* **Task objective**
Write out the records beneath this line exactly as they appear, minus any images.

Source data

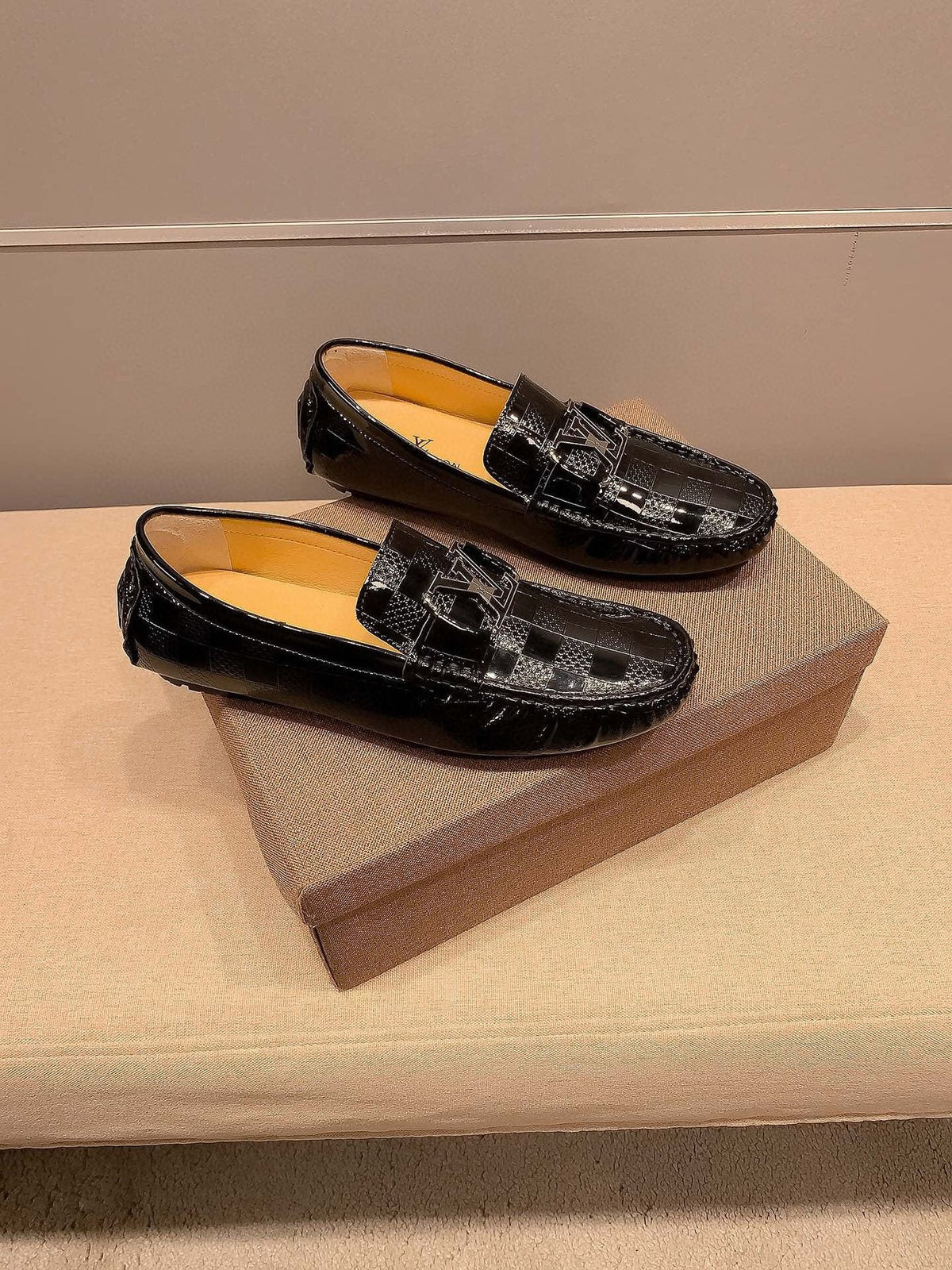 Louis Vuitton Black Glossy Buckle Loafers
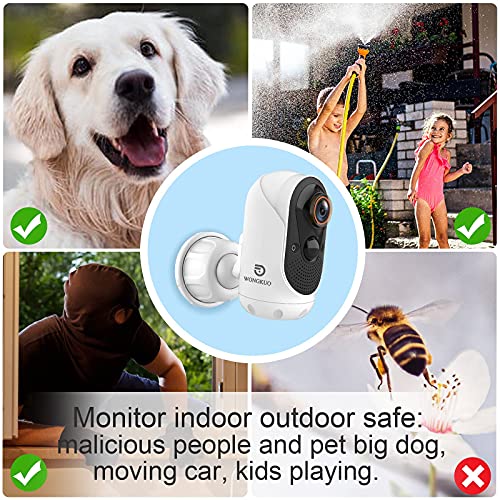 WONGKUO 2021 Upgraded Security Camera Outdoor Wireless 170 Wide Angle View WiFi Rechargeable 1080P Surveillance Camera Home Security Camera System PIR Motion Detection Baby Elder Pet Camera Monitor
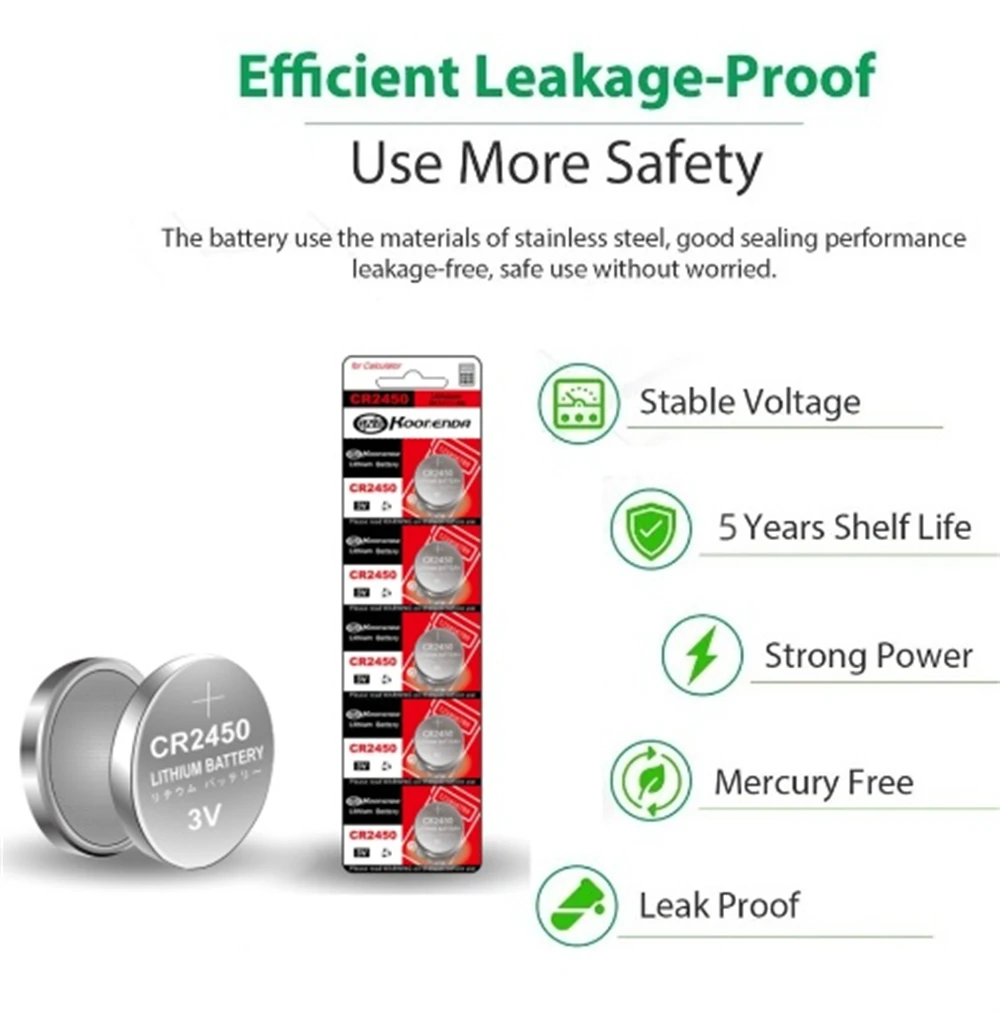 Литиевая батарея для часов-монет CR2450 500 шт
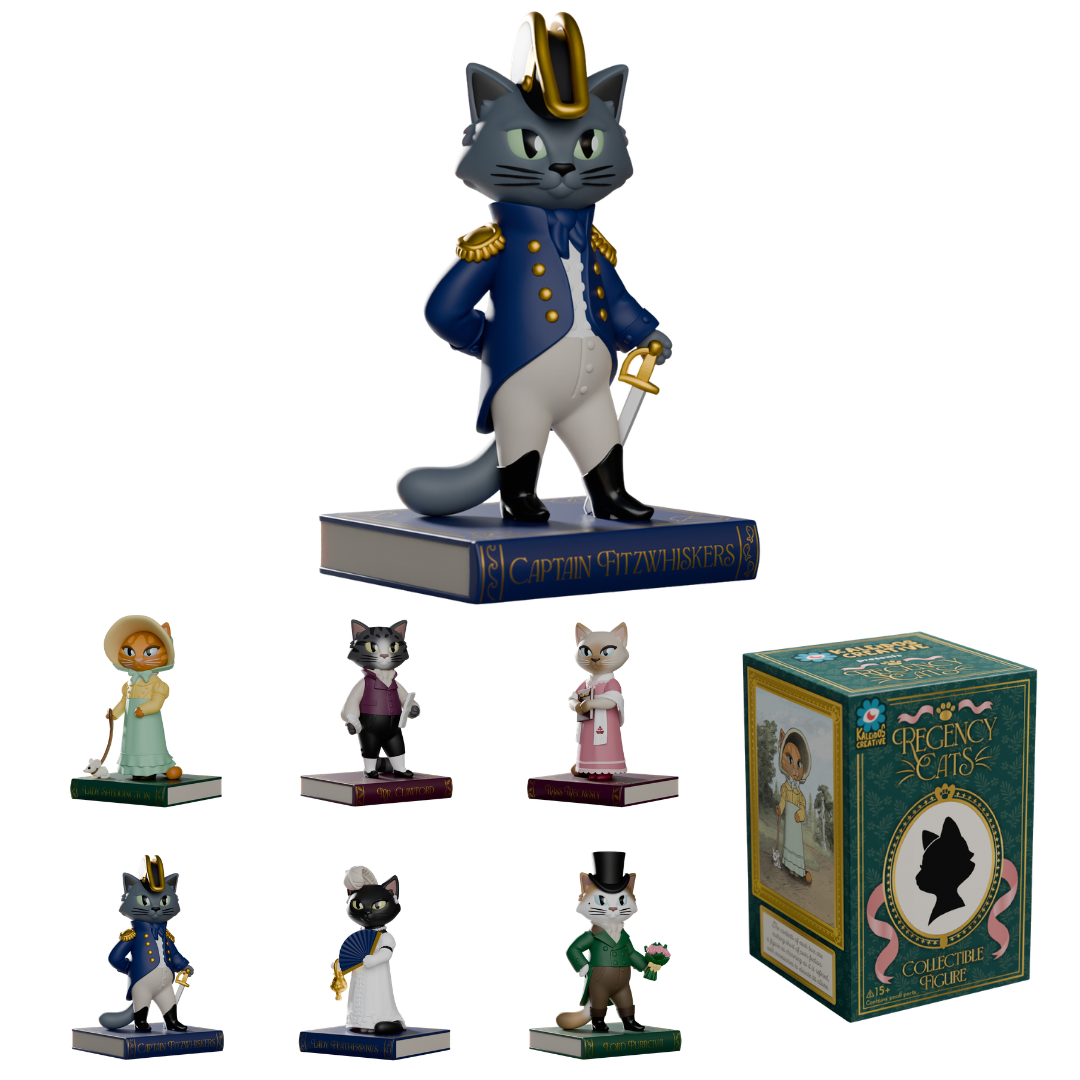 Sealed Kaleidos Creative Regency Cats blind box by Ralphie's Funhouse showing colorful illustrated cat characters inside.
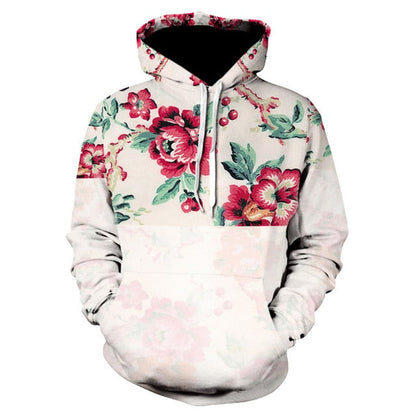 Men/Women autumn winter Hoodies Men's Sweatshirts Rose flower print Sweatshirts Plus Size 5XL Loose pullover Hoodie Tops-1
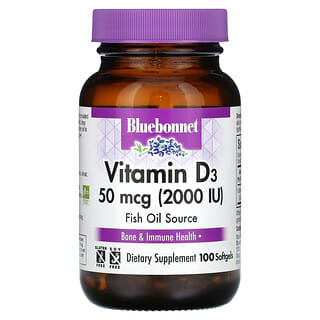 Bluebonnet Nutrition, Витамин D3, 50 мкг (2000 МЕ), 100 мягких таблеток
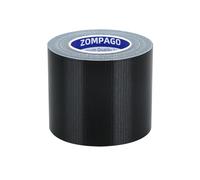 ZOMPAGO Strong Duct Tape Black, 60mm x 10m, High Strength Heavy Duty Gaffer Tape 280μm, Waterproof Hand Tearable for Packing, Sealing, Bundling, Patching, Inside & Outside Use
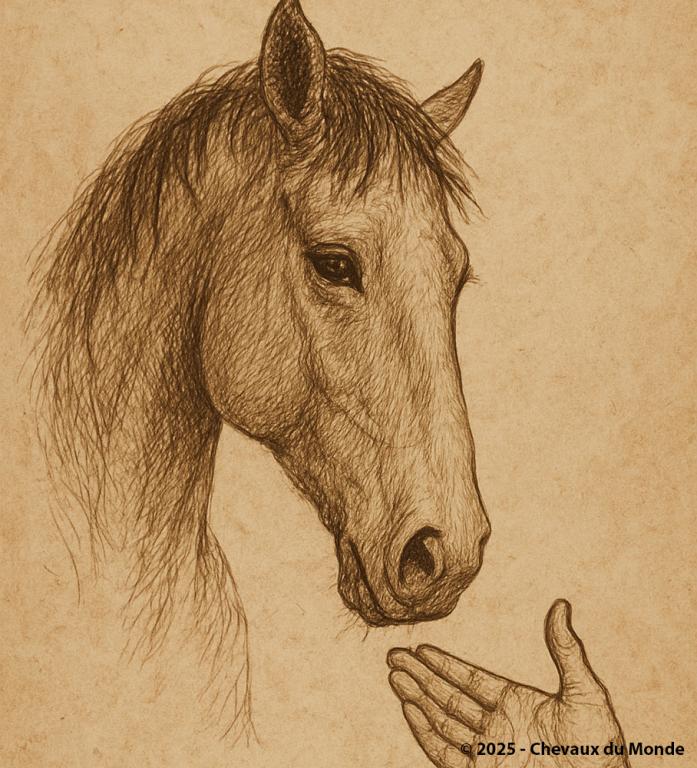  Dessin sépia représentant un cheval de profil tendant la tête vers une main humaine ouverte, sur fond de parchemin texturé.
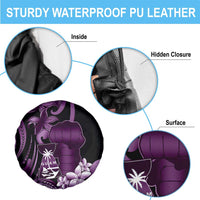 Purple Hafa Adai Guam Spare Tire Cover Chamorro Latte Stone Hand With Plumeria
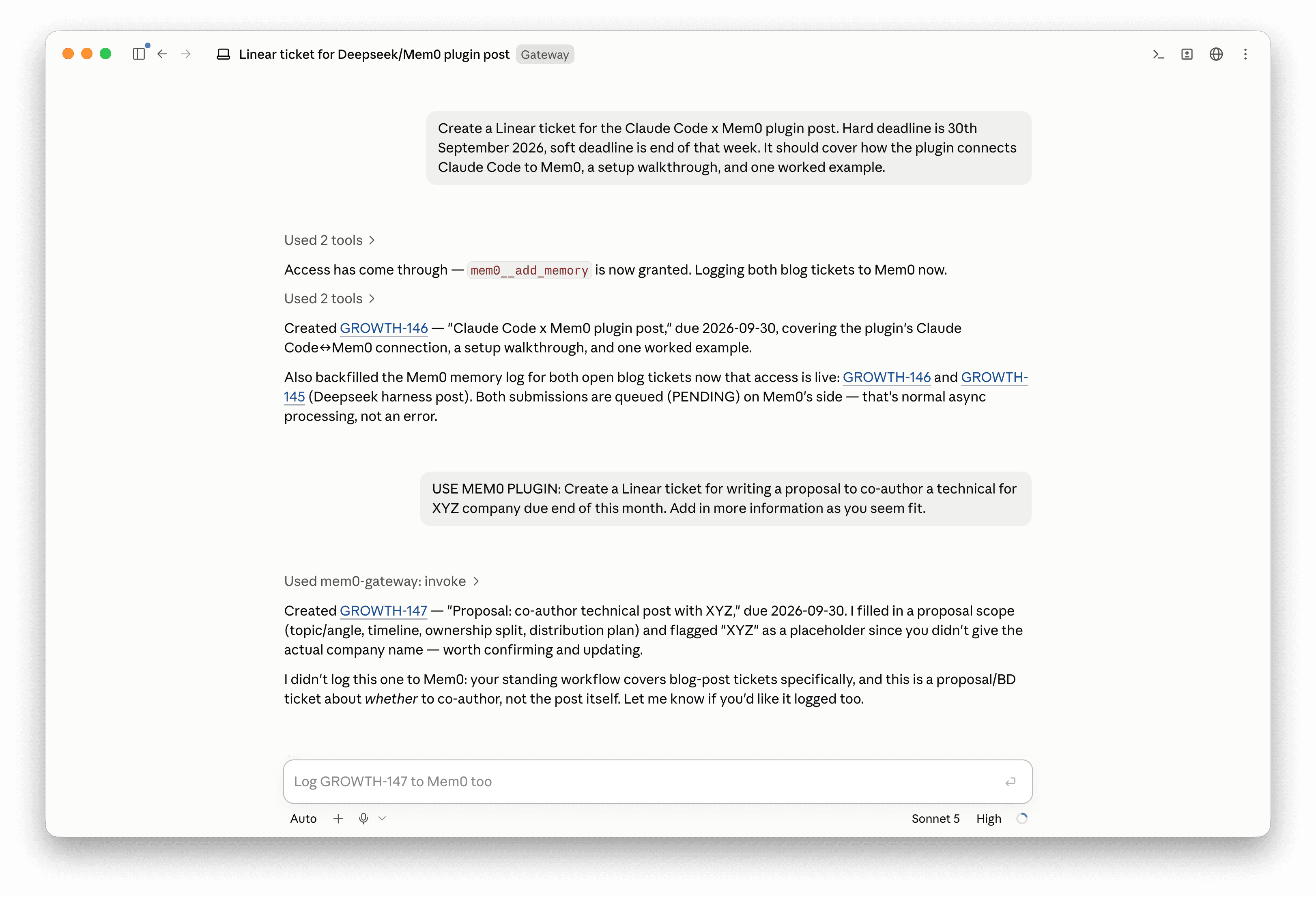 Agent creating a proposal ticket and correctly declining to apply the blog-ticket memory rule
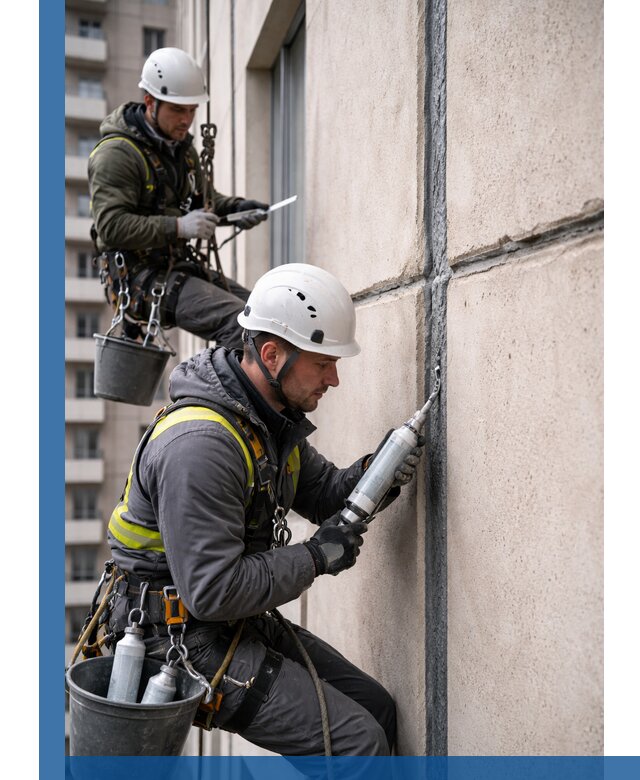 Герметизация деформационных швов фасада в Боровичах качественно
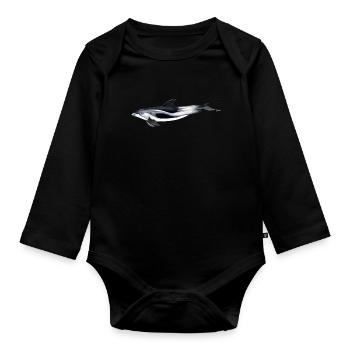 White-beaked dolphin - White beaked dolphin - Organic Longsleeve Baby Bodysuit - black - Front
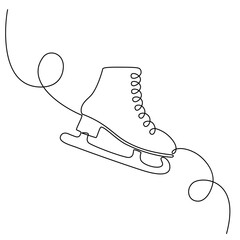 Continuous one line drawing of ice skate. Vector illustration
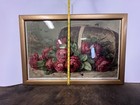 Antique Victorian Rose Floral Print Framed Cottagecore Romantic Wall Art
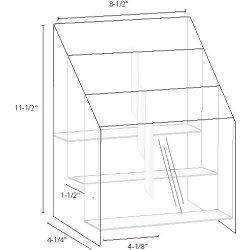 MPF-0409-6: Clear Acrylic 3-Tier, 6-Pocket Brochure holder for 4w Literature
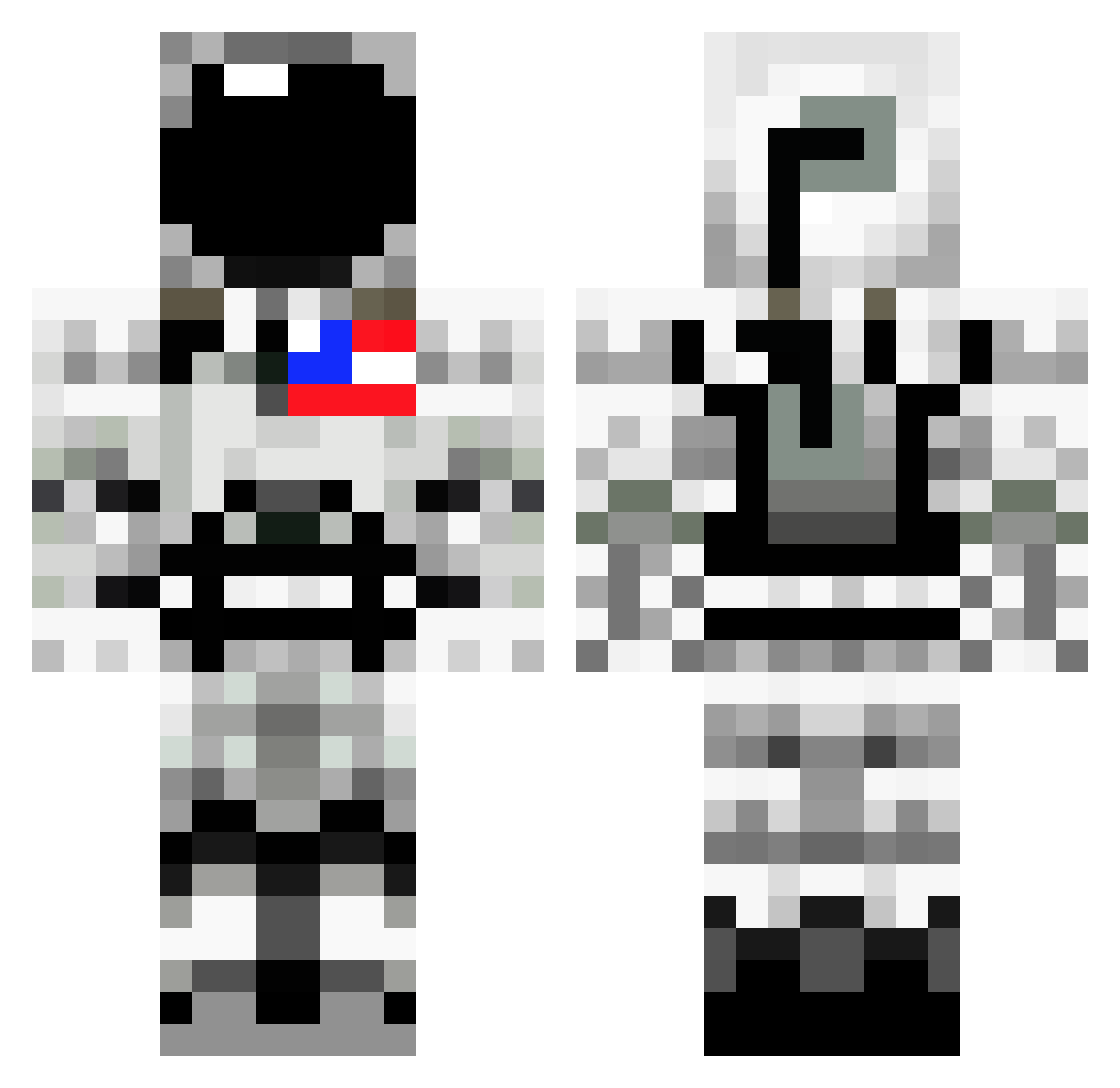 Volcanology Minecraft skin, front and back view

* **Result for this exercise**
 Louis Vuitton Black Glossy Buckle Loafers
 WONGKUO 2021 Upgraded Security Camera Outdoor Wireless 170 Wide Angle View WiFi Rechargeable 1080P Surveillance Camera Home Security Camera System PIR Motion Detection Baby Elder Pet Camera Monitor
 Литиевая батарея для часов-монет CR2450 500 шт
 Sealed Kaleidos Creative Regency Cats blind box by Ralphie's Funhouse showing colorful illustrated cat characters inside.
 Men/Women autumn winter Hoodies Men's Sweatshirts Rose flower print Sweatshirts Plus Size 5XL Loose pullover Hoodie Tops-1
 Bluebonnet Nutrition, Витамин D3, 50 мкг (2000 МЕ), 100 мягких таблеток
 ZOMPAGO Strong Duct Tape Black, 60mm x 10m, High Strength Heavy Duty Gaffer Tape 280μm, Waterproof Hand Tearable for Packing, Sealing, Bundling, Patching, Inside & Outside Use
  Dessin sépia représentant un cheval de profil tendant la tête vers une main humaine ouverte, sur fond de parchemin texturé.
 Purple Hafa Adai Guam Spare Tire Cover Chamorro Latte Stone Hand With Plumeria
 Agent creating a proposal ticket and correctly declining to apply the blog-ticket memory rule
 Герметизация деформационных швов фасада в Боровичах качественно
 White-beaked dolphin - White beaked dolphin - Organic Longsleeve Baby Bodysuit - black - Front
 Continuous one line drawing of ice skate. Vector illustration
 Antique Victorian Rose Floral Print Framed Cottagecore Romantic Wall Art
 MPF-0409-6: Clear Acrylic 3-Tier, 6-Pocket Brochure holder for 4w Literature
 Volcanology Minecraft skin, front and back view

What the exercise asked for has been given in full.